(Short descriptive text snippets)

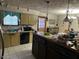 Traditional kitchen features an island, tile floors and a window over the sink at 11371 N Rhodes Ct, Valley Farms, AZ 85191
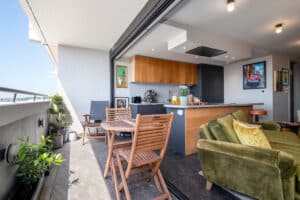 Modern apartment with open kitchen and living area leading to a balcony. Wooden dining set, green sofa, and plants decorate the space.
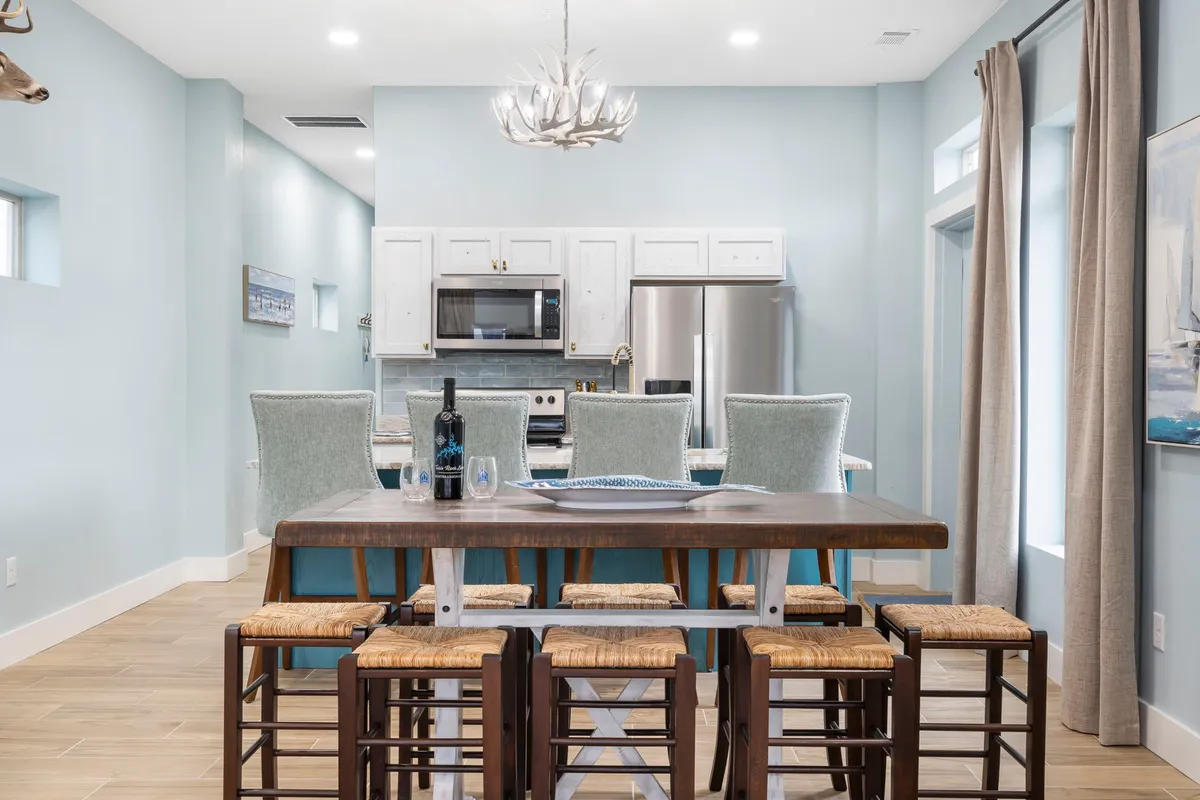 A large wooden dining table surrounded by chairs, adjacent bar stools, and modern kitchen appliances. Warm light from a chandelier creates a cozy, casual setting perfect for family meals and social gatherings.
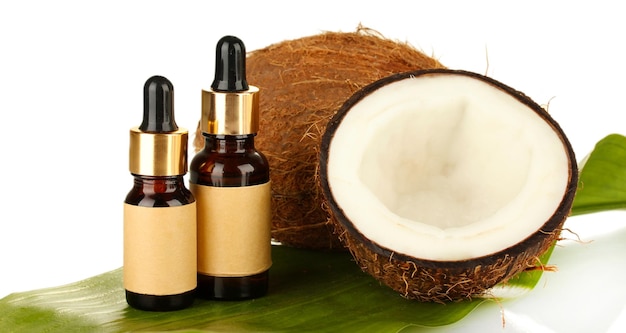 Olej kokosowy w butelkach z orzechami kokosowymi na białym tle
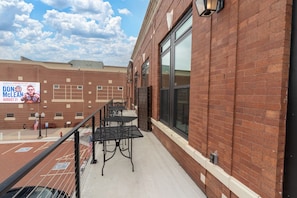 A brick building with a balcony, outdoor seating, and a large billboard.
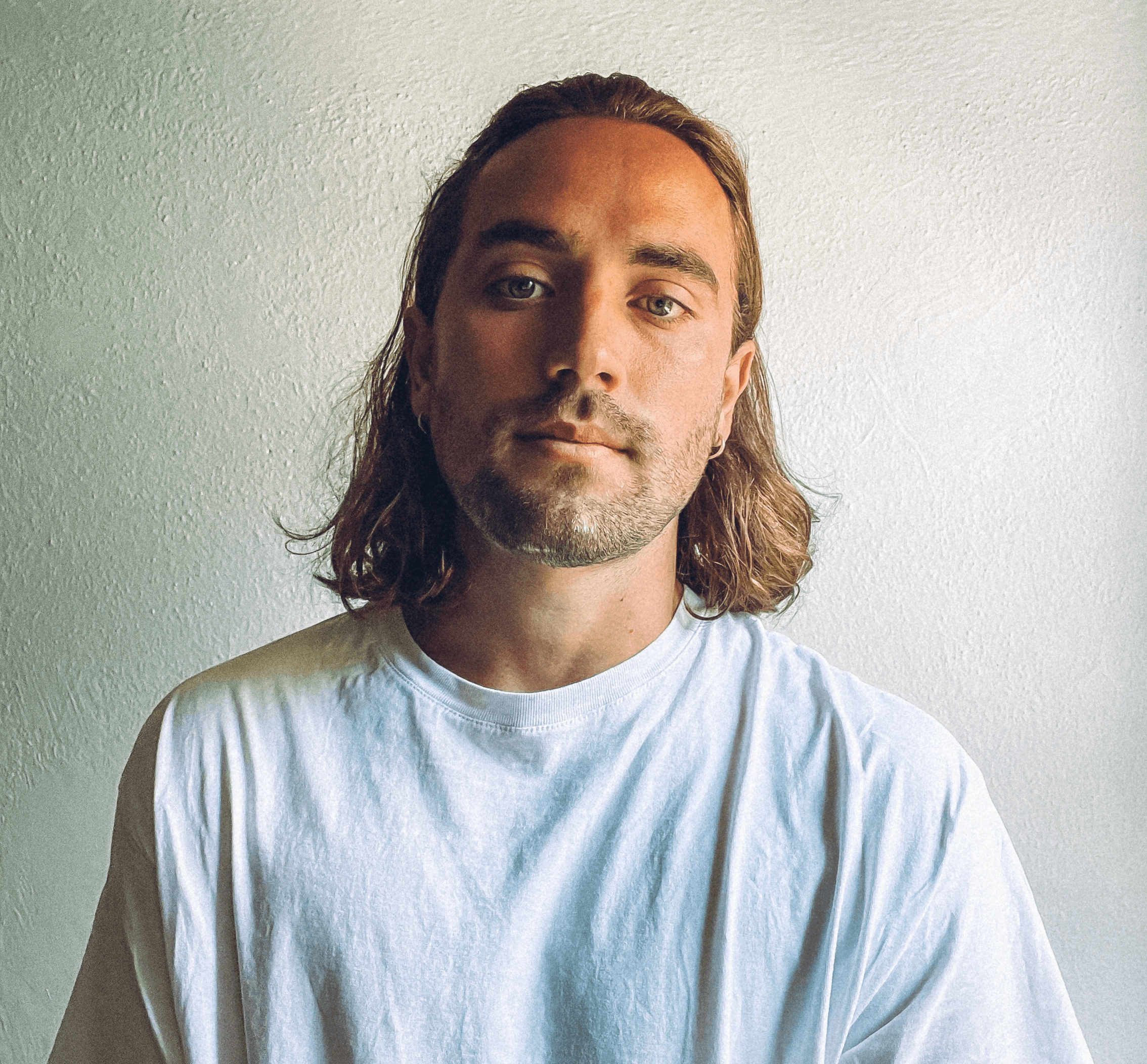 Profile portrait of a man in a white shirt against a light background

EXERCISE DESCRIPTION:
The records above are to be duplicated exactly, pictures left out.

YOUR RESPONSE:
 Traditional kitchen features an island, tile floors and a window over the sink at 11371 N Rhodes Ct, Valley Farms, AZ 85191
 Modern apartment with open kitchen and living area leading to a balcony. Wooden dining set, green sofa, and plants decorate the space.
 A large wooden dining table surrounded by chairs, adjacent bar stools, and modern kitchen appliances. Warm light from a chandelier creates a cozy, casual setting perfect for family meals and social gatherings.
 Olej kokosowy w butelkach z orzechami kokosowymi na białym tle
 A brick building with a balcony, outdoor seating, and a large billboard.
 Profile portrait of a man in a white shirt against a light background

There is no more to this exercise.